Data to use >>
++++++
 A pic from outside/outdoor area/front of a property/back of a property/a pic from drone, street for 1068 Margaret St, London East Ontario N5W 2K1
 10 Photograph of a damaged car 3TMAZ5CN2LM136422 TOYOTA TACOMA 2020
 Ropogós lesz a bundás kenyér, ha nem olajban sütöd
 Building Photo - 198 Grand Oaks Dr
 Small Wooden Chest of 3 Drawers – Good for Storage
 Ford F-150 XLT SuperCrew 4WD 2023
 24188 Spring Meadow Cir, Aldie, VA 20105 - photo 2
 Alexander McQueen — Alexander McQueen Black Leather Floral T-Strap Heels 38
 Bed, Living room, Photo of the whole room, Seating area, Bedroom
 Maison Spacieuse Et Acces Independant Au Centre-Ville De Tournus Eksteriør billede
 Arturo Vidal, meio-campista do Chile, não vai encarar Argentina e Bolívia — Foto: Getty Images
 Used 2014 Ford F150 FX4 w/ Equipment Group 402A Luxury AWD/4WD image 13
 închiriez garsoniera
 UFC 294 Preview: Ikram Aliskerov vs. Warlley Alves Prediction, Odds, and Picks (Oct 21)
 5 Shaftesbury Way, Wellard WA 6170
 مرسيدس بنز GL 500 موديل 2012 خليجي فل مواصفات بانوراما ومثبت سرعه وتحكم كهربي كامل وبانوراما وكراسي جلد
++++++
About this task >> Each line above with the word "Ford" needs to be copied.

Task answer >>
 Ford F-150 XLT SuperCrew 4WD 2023
 Used 2014 Ford F150 FX4 w/ Equipment Group 402A Luxury AWD/4WD image 13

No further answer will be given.